[Task prompt]:
Leave every image behind and restate the data word for word.

[Input]:
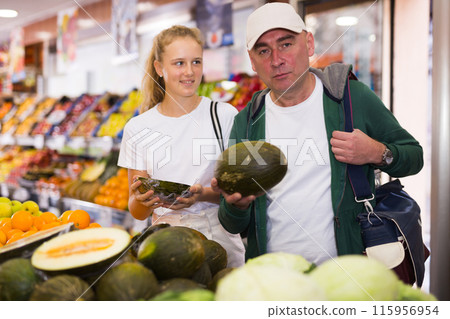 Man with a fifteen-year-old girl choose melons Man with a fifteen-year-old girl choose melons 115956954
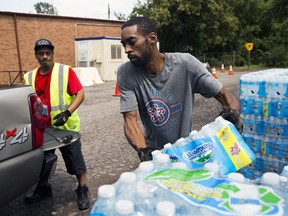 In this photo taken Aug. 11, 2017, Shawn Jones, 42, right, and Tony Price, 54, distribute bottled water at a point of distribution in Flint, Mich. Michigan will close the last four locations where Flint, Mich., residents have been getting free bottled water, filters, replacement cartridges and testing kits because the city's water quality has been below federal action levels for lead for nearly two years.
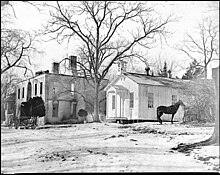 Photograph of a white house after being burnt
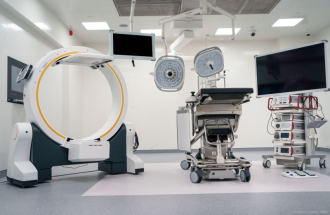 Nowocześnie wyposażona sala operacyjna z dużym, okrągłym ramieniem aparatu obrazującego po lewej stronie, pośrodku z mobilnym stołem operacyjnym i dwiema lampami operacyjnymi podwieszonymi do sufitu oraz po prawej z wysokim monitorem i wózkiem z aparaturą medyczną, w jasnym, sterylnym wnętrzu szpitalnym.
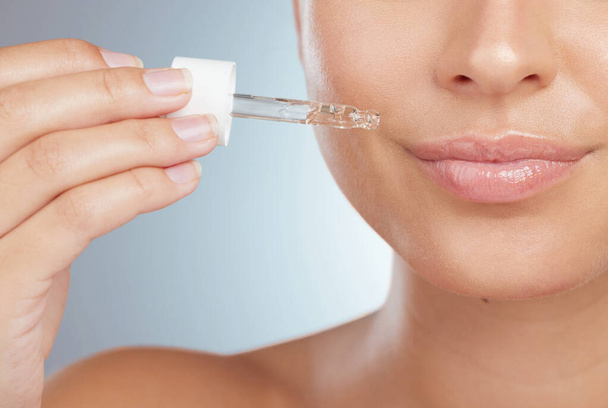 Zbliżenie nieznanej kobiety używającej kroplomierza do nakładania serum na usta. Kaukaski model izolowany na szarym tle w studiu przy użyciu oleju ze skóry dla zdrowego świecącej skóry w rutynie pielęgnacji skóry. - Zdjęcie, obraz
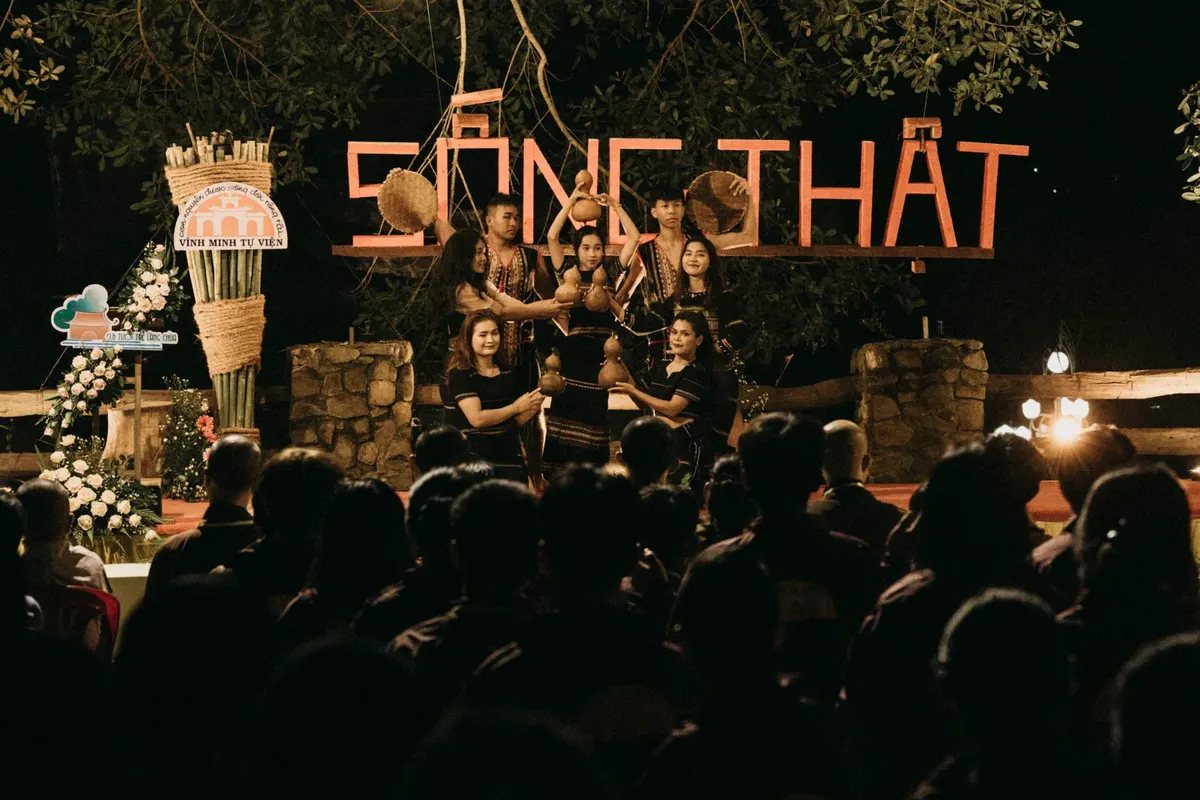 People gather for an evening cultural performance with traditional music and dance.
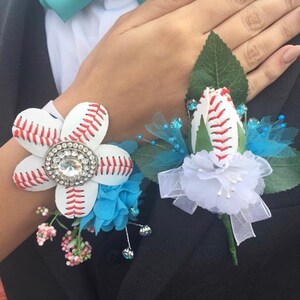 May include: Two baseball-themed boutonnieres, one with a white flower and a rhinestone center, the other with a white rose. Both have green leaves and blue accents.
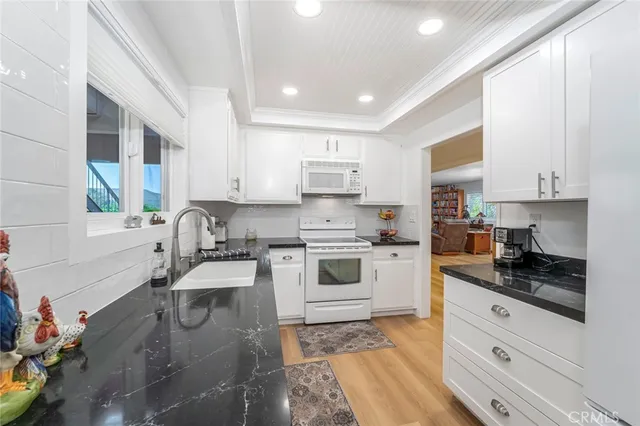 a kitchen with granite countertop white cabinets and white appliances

[Answer to the exercise]:
 Man with a fifteen-year-old girl choose melons Man with a fifteen-year-old girl choose melons 115956954
 In this photo taken Aug. 11, 2017, Shawn Jones, 42, right, and Tony Price, 54, distribute bottled water at a point of distribution in Flint, Mich. Michigan will close the last four locations where Flint, Mich., residents have been getting free bottled water, filters, replacement cartridges and testing kits because the city's water quality has been below federal action levels for lead for nearly two years.
 Photograph of a white house after being burnt
 Nowocześnie wyposażona sala operacyjna z dużym, okrągłym ramieniem aparatu obrazującego po lewej stronie, pośrodku z mobilnym stołem operacyjnym i dwiema lampami operacyjnymi podwieszonymi do sufitu oraz po prawej z wysokim monitorem i wózkiem z aparaturą medyczną, w jasnym, sterylnym wnętrzu szpitalnym.
 Zbliżenie nieznanej kobiety używającej kroplomierza do nakładania serum na usta. Kaukaski model izolowany na szarym tle w studiu przy użyciu oleju ze skóry dla zdrowego świecącej skóry w rutynie pielęgnacji skóry. - Zdjęcie, obraz
 People gather for an evening cultural performance with traditional music and dance.
 May include: Two baseball-themed boutonnieres, one with a white flower and a rhinestone center, the other with a white rose. Both have green leaves and blue accents.
 a kitchen with granite countertop white cabinets and white appliances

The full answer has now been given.